*** Opening Input data ***
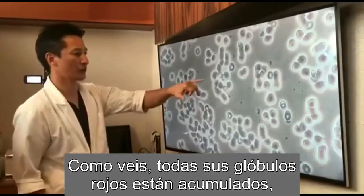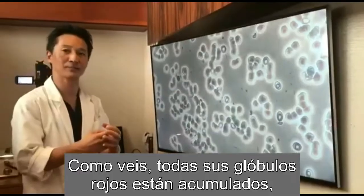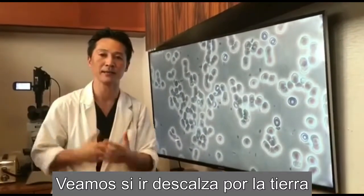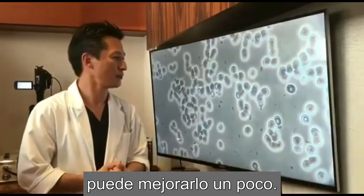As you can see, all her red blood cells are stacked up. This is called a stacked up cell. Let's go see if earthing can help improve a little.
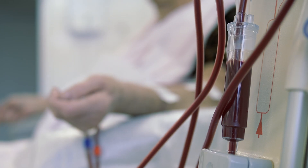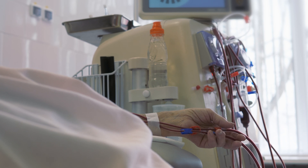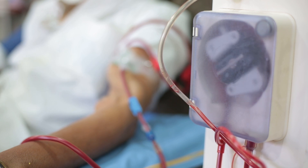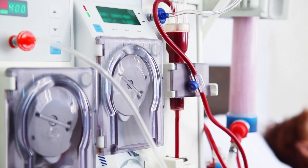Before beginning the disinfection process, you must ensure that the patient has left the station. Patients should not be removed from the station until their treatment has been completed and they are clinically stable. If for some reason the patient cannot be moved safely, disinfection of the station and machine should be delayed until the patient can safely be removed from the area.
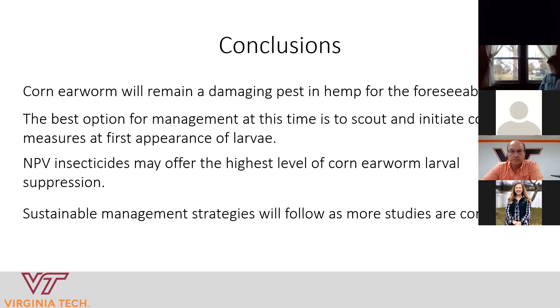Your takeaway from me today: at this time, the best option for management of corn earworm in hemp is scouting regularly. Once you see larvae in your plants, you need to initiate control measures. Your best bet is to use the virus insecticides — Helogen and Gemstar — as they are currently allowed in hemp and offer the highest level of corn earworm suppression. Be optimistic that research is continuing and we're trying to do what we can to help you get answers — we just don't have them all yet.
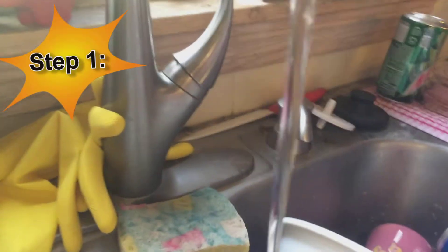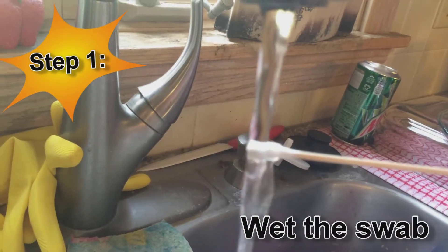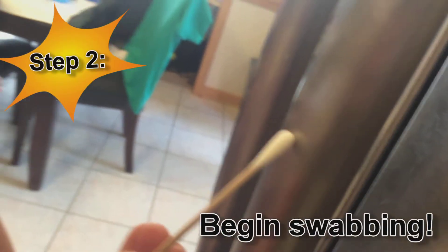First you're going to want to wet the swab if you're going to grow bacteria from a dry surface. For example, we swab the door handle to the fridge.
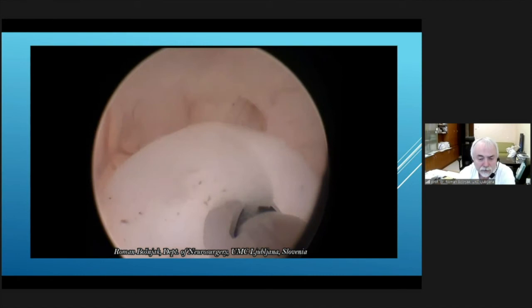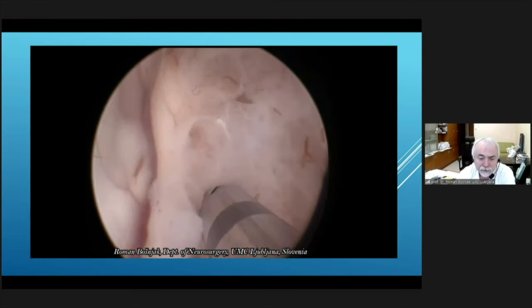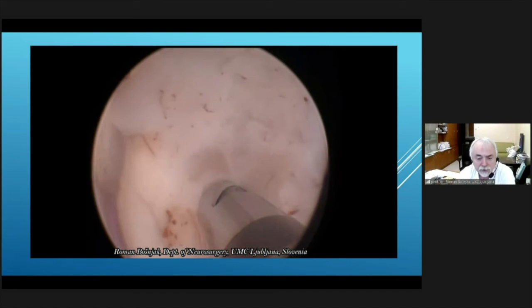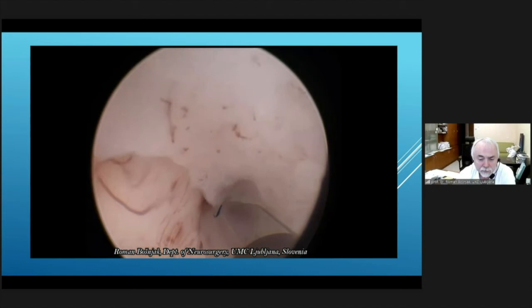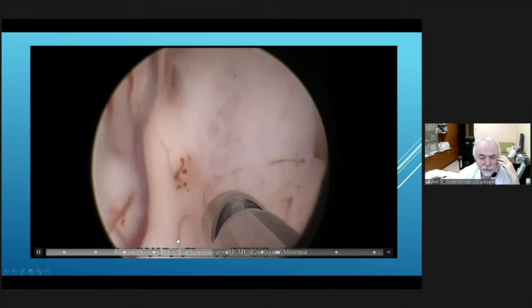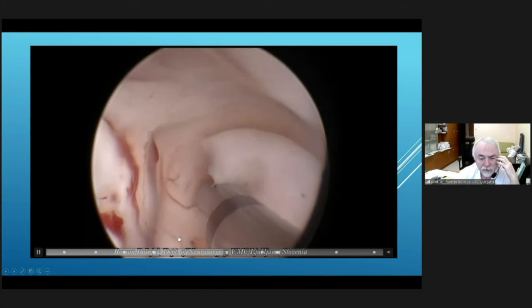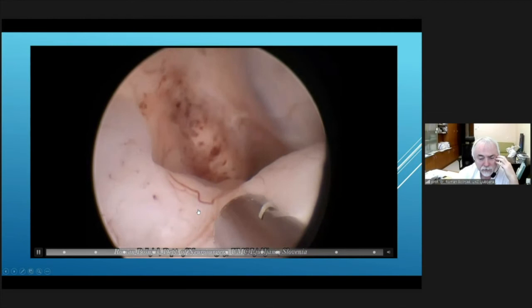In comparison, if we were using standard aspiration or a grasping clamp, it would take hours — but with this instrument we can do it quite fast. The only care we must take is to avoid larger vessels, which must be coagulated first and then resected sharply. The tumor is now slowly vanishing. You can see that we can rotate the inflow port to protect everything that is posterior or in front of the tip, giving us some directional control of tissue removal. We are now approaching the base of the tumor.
*** Closing Input data ***
> Your objective
I would like the data copied exactly as it stands, with no pictures included.

> Task result
As you can see, all her red blood cells are stacked up. This is called a stacked up cell. Let's go see if earthing can help improve a little.
Before beginning the disinfection process, you must ensure that the patient has left the station. Patients should not be removed from the station until their treatment has been completed and they are clinically stable. If for some reason the patient cannot be moved safely, disinfection of the station and machine should be delayed until the patient can safely be removed from the area.
Your takeaway from me today: at this time, the best option for management of corn earworm in hemp is scouting regularly. Once you see larvae in your plants, you need to initiate control measures. Your best bet is to use the virus insecticides — Helogen and Gemstar — as they are currently allowed in hemp and offer the highest level of corn earworm suppression. Be optimistic that research is continuing and we're trying to do what we can to help you get answers — we just don't have them all yet.
First you're going to want to wet the swab if you're going to grow bacteria from a dry surface. For example, we swab the door handle to the fridge.
In comparison, if we were using standard aspiration or a grasping clamp, it would take hours — but with this instrument we can do it quite fast. The only care we must take is to avoid larger vessels, which must be coagulated first and then resected sharply. The tumor is now slowly vanishing. You can see that we can rotate the inflow port to protect everything that is posterior or in front of the tip, giving us some directional control of tissue removal. We are now approaching the base of the tumor.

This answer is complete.